Вереница кистинов, везущих на казнь пойманного хевсура – черные точки на белой стреле снежной тропы в обрамлении черных гор. После казни – в контржурном освещении - мы видим залитую солнцем виселицу, к которой прислонена лестница – не в небо ли? Наконец, в "городских" эпизодах фильма, посвященных странствиям Поэта, есть сцена траурной процессии на похоронах знатного человека, облеченного властью, где черный цвет идущих фигур дан в негативе. Это буквально обращает привычный бликовый рисунок, переворачивает свет и тень и обрастает мощным символизмом. Следующей картиной, которую Абуладзе уже определенно называл второй частью трилогии, стал фильм Древо желания. Это история, опять-таки кровной вражды, накануне революции выродившейся в местечковую свару, которая, впрочем, может зайти слишком далеко. В этом фильме, решенном, по контрасту с Мольбой, в орнаментальном ключе и потому напоминающем яркий и цепкий калейдоскоп, рассказывается история "незаконной" любви небогатого юноши Гейди и девушки Мариты, насильно выданной замуж. Старейшины села осуждают их чувства, отдают их на ритуальное поругание, в результате чего оба погибают, как бы возвышая обыденность до легенды. Неслучайно действие фильма происходит уже в XX веке, когда даже грузинская деревня поддается буржуазным веяниям. Законы предков вспоминаются, только когда это выгодно. В данном случае они – на стороне фарисеев и богачей. Это главный морально-критический вывод фильма.

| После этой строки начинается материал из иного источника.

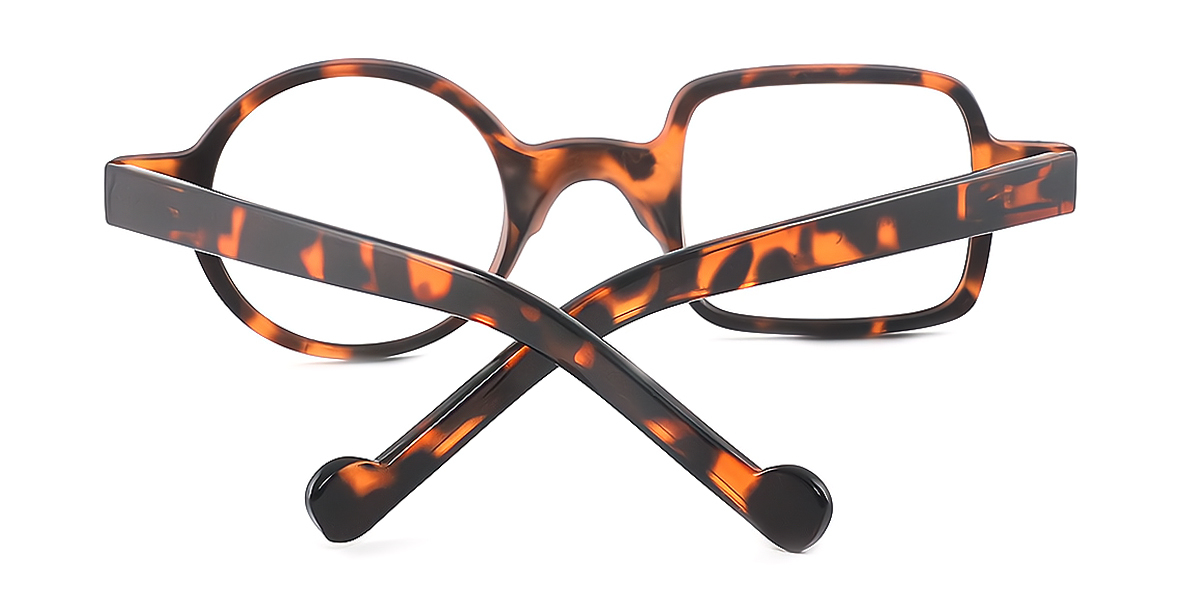 Tortoise Geometric Unique Plastic Eyeglasses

В Древе желания, по наблюдению литературоведа и писателя Валентина Огнева, Абуладзе пишет цветом, точно так же как в Мольбе – черно-белой графикой. "Цвет может звучать, как труба, и быть неслышным. <…> В Древе желания Т. Абуладзе есть оба примера. Яркий, насыщенный, локальный – в начале фильма: белый конь, умирающий на ярком лугу. И пленение Мариты, когда фонограмма "забирает" у палитры все краски: черная грязь, серое небо, темные фигуры мучителей и чавканье многочисленных ног, собачий лай, лязганье железной двери…" Действительно, цвет играет в Древе желания ту же роль, что и, например, в Цвете граната Параджанова и даже третьей серии Ивана Грозного Эйзенштейна, передавая мельчайшие оттенки настроения, заставляя зрителя улавливать те или иные перемены, которые сулит героям изменчивая судьба.